In the second stage of the study the AI model was evaluated in a non-randomized prospective validation study. The aim was to explore how the model works with live ultrasound scans moving from one plane to the other. We collected data and images from 100 18–22-weeks scans.

The AI model automatically collected the standard planes and selected the best images, in terms of appropriate visible anatomy and visualization of the structures—highest image QS. Then images selected by the AI model (auto-capture) were compared to the saved images by the clinician (manual-capture) during the same examination. Standard plane images of 3VV, RVOT and VSV with only a color Doppler image saved were removed since the AI model were not trained on color Doppler images and flow visualization impairs evaluation of the anatomy beneath it. Afterwards an expert panel of sonographers and fetal medicine experts evaluated 24 randomly selected images from each standard plane and each participant noted if they preferred the auto-capture image or manual capture image, or if the quality of the two images were equal. The expert panel was blinded to the origin of the images.
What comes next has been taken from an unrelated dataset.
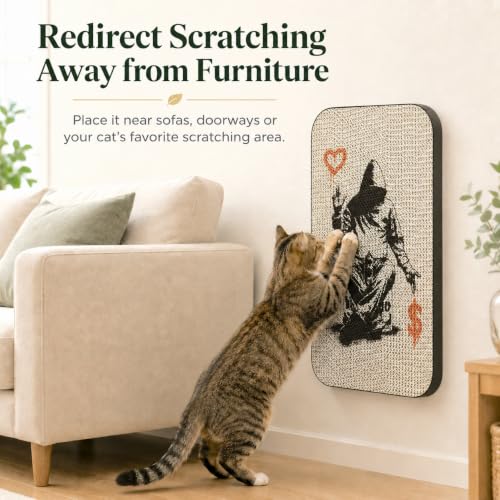Cat Wall Scratcher, Art Cat Scratching Board for Indoor Cats - color: Love Over Money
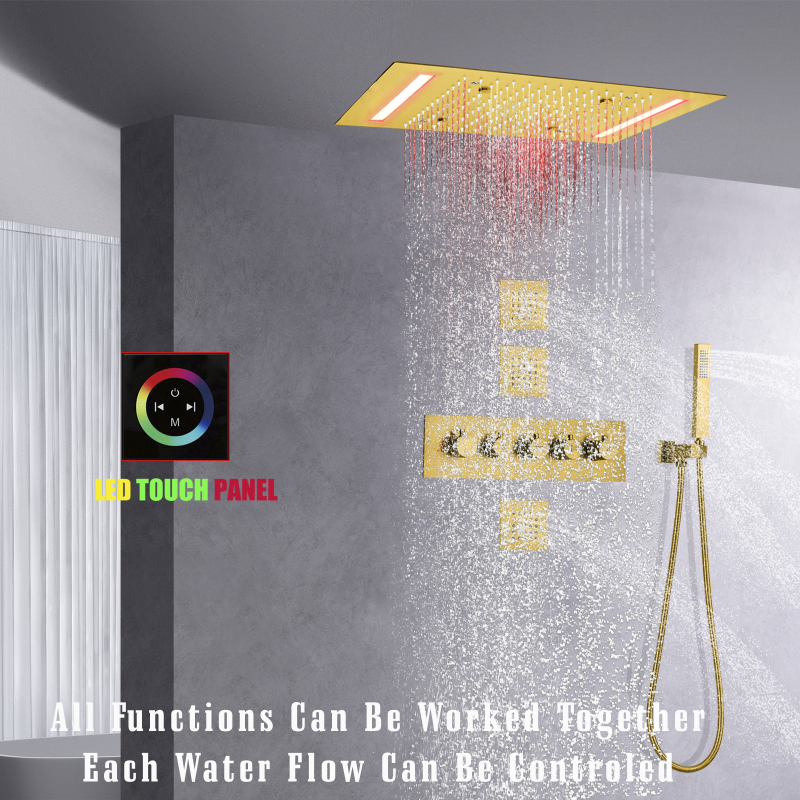 مجموعة نظام الدش LED باللون الذهبي المصقول مقاس 14 × 20 بوصة مجموعة دش هطول الأمطار للسقف ثرموستاتي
Subsequently two sonographers with more than 5 years of experience went through the images from the rating where the auto-capture image or manual capture image was chosen over the other. They noted if the choice was made due to #1 lack of correct standard plane, defined as missing one or multiple required anatomical features of an standard plane, or #2 poor image optimization in terms of magnification, gain, and centralization of the relevant anatomical features.

To assess the quality of the model’s segmentations and assigned QSs on the prospective data, two fetal medicine consultants evaluated 12 randomly selected images of varying quality from each of the eight standard planes. They evaluated agreement with the segmentations and the assigned QS.

Finally, we evaluated how often the AI saved a useful standard plane from the videos which the sonographer had not saved and documented.

Statistics

The model output was evaluated by a Dice score regarding prediction of correct anatomy without focusing on the precise outline. This score ranges from 0 to 1 and quantifies the pixel-wise degree of similarity between the model predicted segmentation mask and the ground truth. Whether or not the anatomy was correctly predicted it is treated as a classification task, where True Positive (TP) refers to a Dice score ranging from 0.5 to 1 Dice between prediction and annotation, True Negative (TN) when annotated and segmented areas are both 0. This only happens if there is no expert annotation and model prediction. Furthermore, in this case the False Negative (FN) is defined as Dice below 0.5, and False Positive (FP) as a non-zero predicted area without corresponding expert annotation. The following formula is used to compute the model accuracy: (TP + TN)/(TP + TN + FN + FP).

From the plenum session the frequencies of votes for either AI, clinician, or equal quality were calculated, and a chi-square test was performed to evaluate independence between the three groups. The overall inter-rater agreement was calculated with the Fleiss multirater Kappa.

In the sonographer validation the mean and SD for the QS of all images were calculated, and within each group (favoring auto-capture vs. favoring manual-capture) the mean QS were compared with a Mann–Whitney U test, due to non-normal distribution of data. Each parameter; standard plane, gain, magnification, and central position were scored adequate/not adequate by the sonographers, and chi-squared tests were performed for each parameter within each group to test for independence.

The model was developed and evaluated in Python 3.9.12 using PyTorch 1.10 deep learning library and the statistics for the prospective validation was performed in IBM SPSS statistics 28.0.0.0 (190).